During a conference call with investors in January, General Motors CEO Mary Barra put a brave face on the fact that the company’s transition to electric vehicles is off to a rocky start. It has stopped making the Bolt — the least expensive EV in America — at precisely the same time as the demand for lower priced electric cars is at its highest. Its new Blazer EV got launched with so many software issues, it was literally undriveable. But not to worry, Barra said. GM was going to focus on building big, hulking gas hogs and ease back into the EV space with plug-in hybrids.
“We’re building on a foundation that our customers love,” Barra explained. The important internal combustion engine (ICE) sector of trucks and SUVs will continue to prop up the company until the full transition to EVs is at hand, she said. “We thought we’d be farther along” she told Bloomberg Television in an interview, adding that hybrids will be added to “key segments,” without specifying which models or how soon.
“We also have more than 100,000 reservations and orders for EV pickups that we expect to fulfill in 2024 and 2025. However, if demand conditions change, we’ll take advantage of our manufacturing flexibility in Spring Hill and Ramos to build more ICE models and fewer EVs. We can also mix between different EV products at Factory ZERO. Ultimately, we will follow the customer.” The environmental benefits of EVs will be compelling, she agreed, but EVs need to be deployed in strategic segments as the nation continues to build its charging infrastructure. Nonetheless, Barra was confident that calendar year 2024 is for EVs.
GM CFO Paul Jacobson acknowledged the sputtering trajectory of EV growth in his remarks but insisted that GM expects to overcome them. “We know the EV market is not going to grow linearly, and we are prepared to flex between ICE and EV production, given our unique manufacturing capabilities to balance inventory levels and to build customer demand. This will help support pricing and our continued incentive discipline.”
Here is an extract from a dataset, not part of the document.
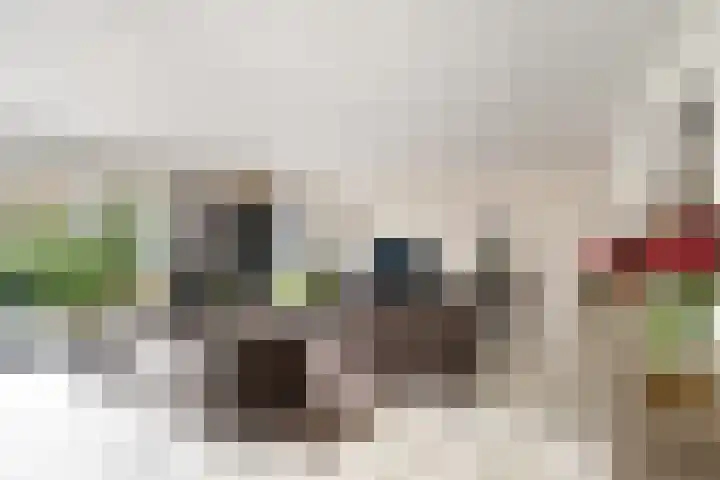 Bisschopsberg 4 Zoetermeer thumbnail 12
More Plug-In Hybrids Coming
All that “Don’t worry folks, we’ve got this” happy talk from the top echelons is all well and good, but the Detroit Free Press wants to know details. Which models will be plug-in hybrids? Just about the only vehicles GM sells today are SUVs and pickup trucks, all of them powered exclusively by internal combustion engines. Will it dust off the Voltec PHEV system from the Volt that has been sitting in the shelf for years?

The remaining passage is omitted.